Problem requirements:
For this exercise, retype each line of the material below verbatim and omit any picture.

Dataset content:
Start of Block
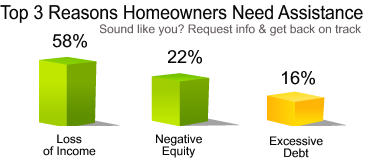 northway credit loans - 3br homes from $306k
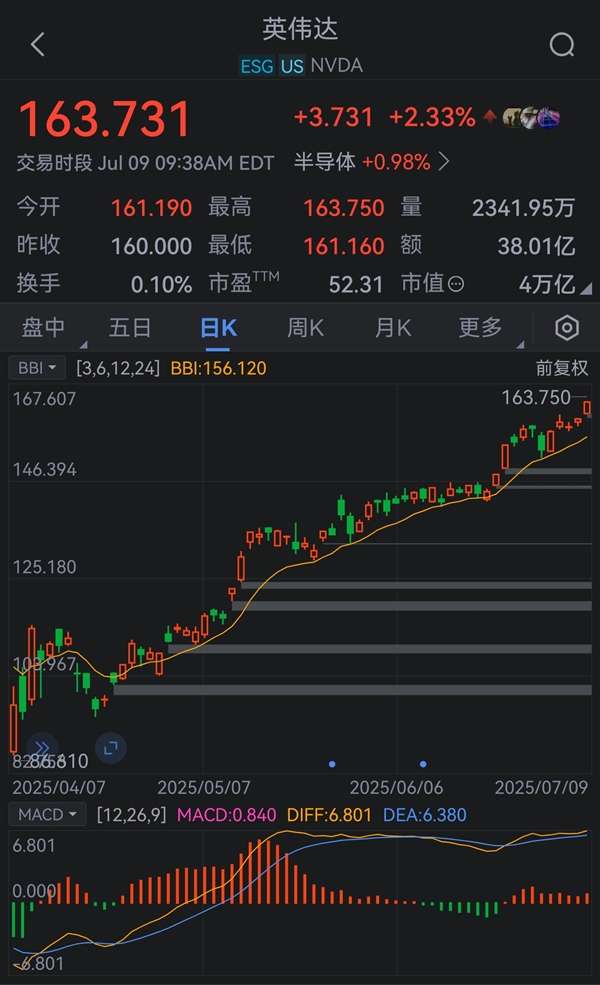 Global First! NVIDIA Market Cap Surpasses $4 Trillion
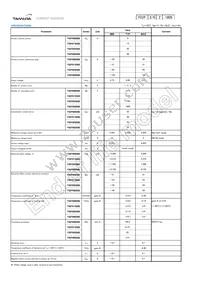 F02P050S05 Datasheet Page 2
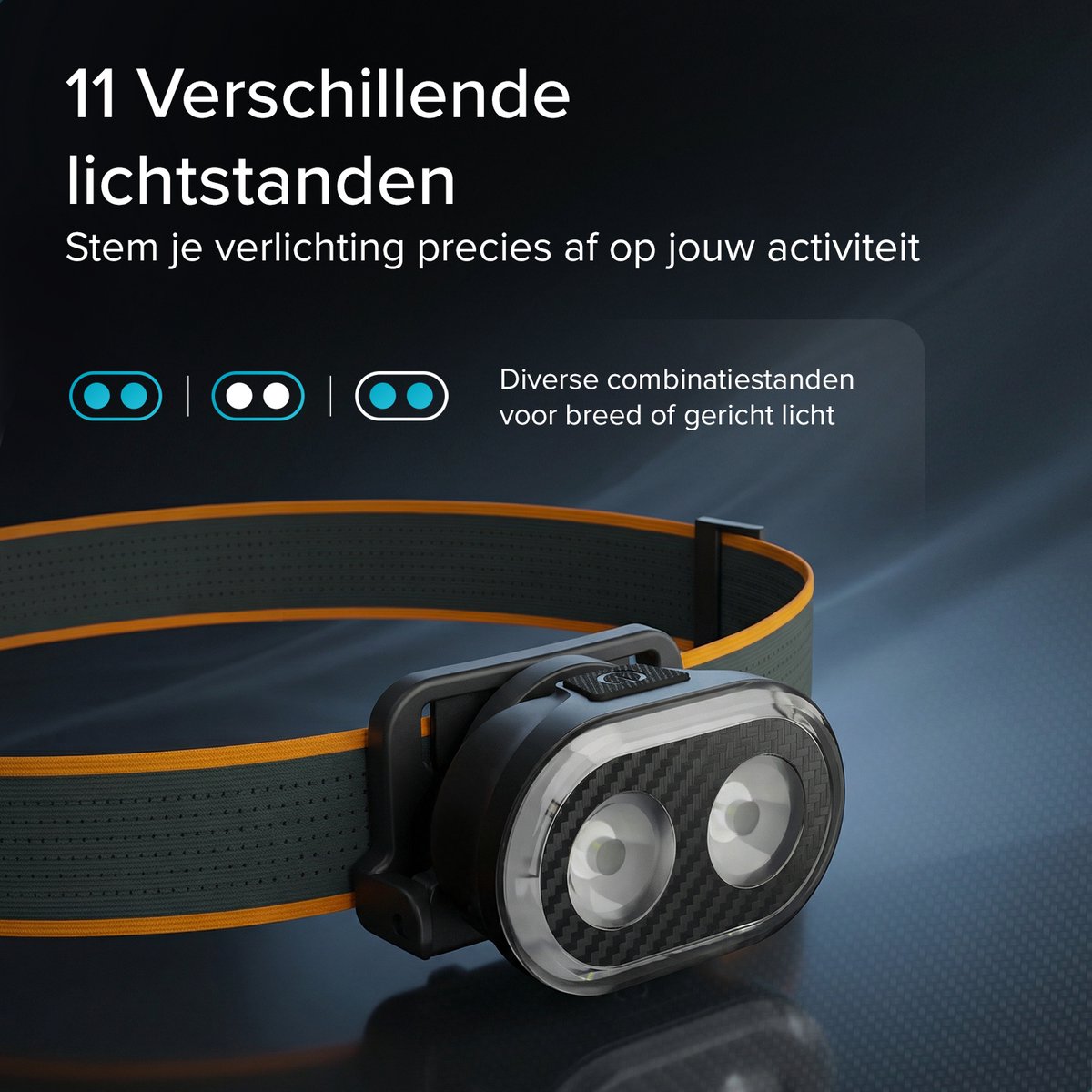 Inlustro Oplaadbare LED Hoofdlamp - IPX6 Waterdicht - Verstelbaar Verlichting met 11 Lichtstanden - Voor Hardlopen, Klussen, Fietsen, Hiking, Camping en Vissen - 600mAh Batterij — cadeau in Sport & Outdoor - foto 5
End of Block
Problem solution:
 northway credit loans - 3br homes from $306k
 Global First! NVIDIA Market Cap Surpasses $4 Trillion
 F02P050S05 Datasheet Page 2
 Inlustro Oplaadbare LED Hoofdlamp - IPX6 Waterdicht - Verstelbaar Verlichting met 11 Lichtstanden - Voor Hardlopen, Klussen, Fietsen, Hiking, Camping en Vissen - 600mAh Batterij — cadeau in Sport & Outdoor - foto 5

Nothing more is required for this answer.